一度桐朋学園の学生の時、原田幸一郎先生のレッスンへチャイコンをもってったことがある。
全楽章なので、30分ほど弾いたが先生のコメントは5秒で終わった。
弾き終わったあとしばらくの沈黙があって。。
小さな声で
「君ダメだよ、ピンカス ズッカーマンがちょっと多すぎるよ」
っておっしゃった。。
その衝撃のアドヴァイスと、曲の長さと先生の言葉の寸法の合わなさに
当時の僕はちょっと先生の言っている意味がわからず、、
ちょっと音がつぶれてたって事かな。。
あ、ちょっとやる気なく見えるって事かぁ。。 ふむ。。
なんて思いながら、憧れの巨匠を傷つけながら特にそれ以上幸一郎先生には追求せず、 「ああ、そうですか」 と言って先生の家を後にした。

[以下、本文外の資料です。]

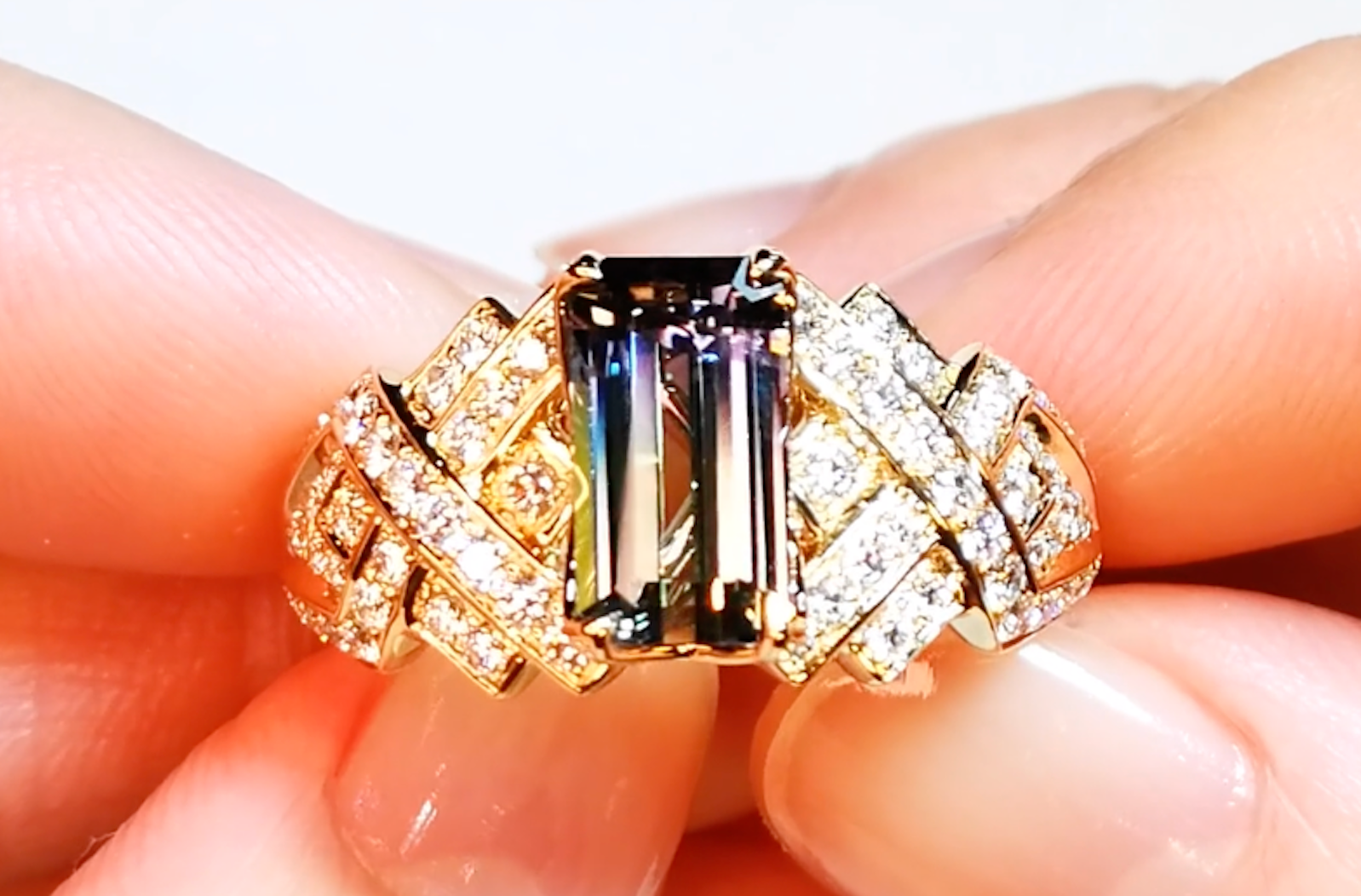 2.43ct Unheated Bi Color Tanzanite Ring with D Flawless Diamonds set in 18K Yellow Gold
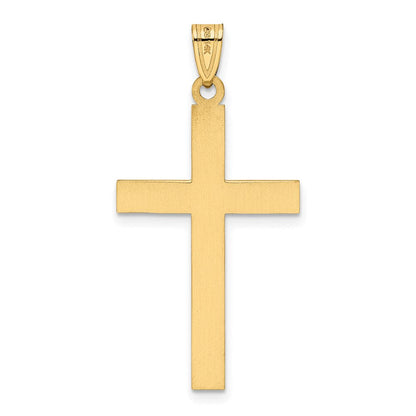 14K Gelbgold 14K Massiv Lasergraviert Geätzt Kreuz Anhänger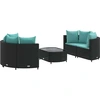 Image de vidaXL Ensemble de salon de jardin 5 pièces avec coussins noir poly rotin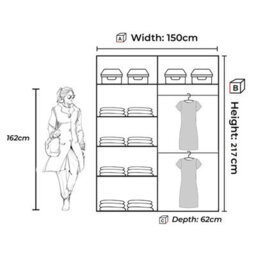 M N Furniture Ltd Wardrobe With Led Light - Modern Sliding Door Mirrored Wardrobe- Adjustable Storage Bedroom Cabinet  (Black, 150Cm) - thumbnail 3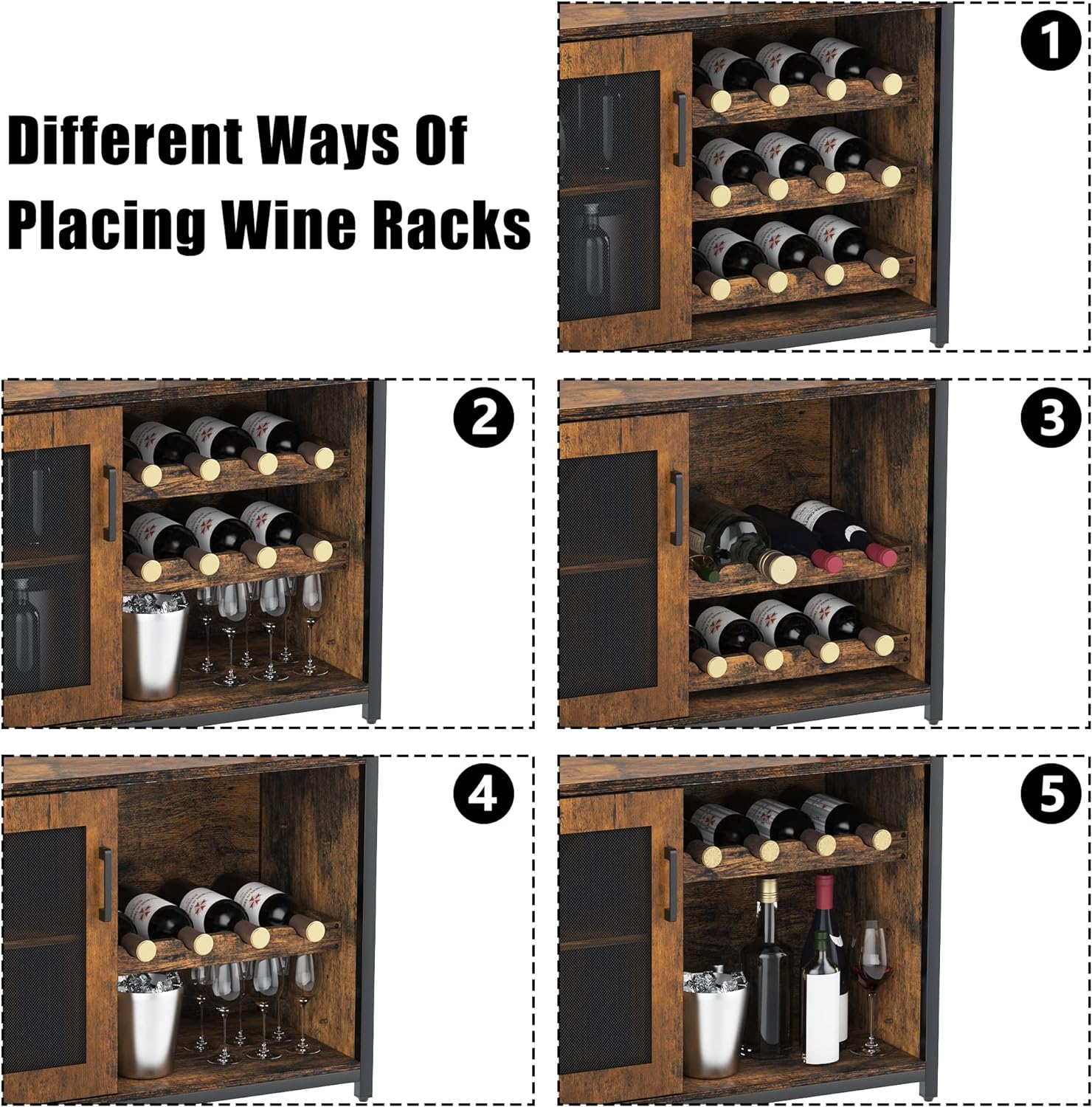 Amyove Wine Bar Cabinet with Detachable Wine Rack, Bar Rack with Glass Holder, Small Sideboard and Buffet Cabinet with Mesh Door, Rustic Brown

でも最近改めてズッカーマンの演奏を聴いていて、今ならよくわかる。
彼のもっているものと、あのキャラクターで、あの弾き方やスタイルで説得力があるんだ。 やはりそれぞれ演奏家は自分の表も裏も理解し、キャラクターを生かし、まねではなく自分のみの道を究めなければならない。
名教師、原田幸一郎先生の5秒のお言葉を理解するには15年の歳月がかかった。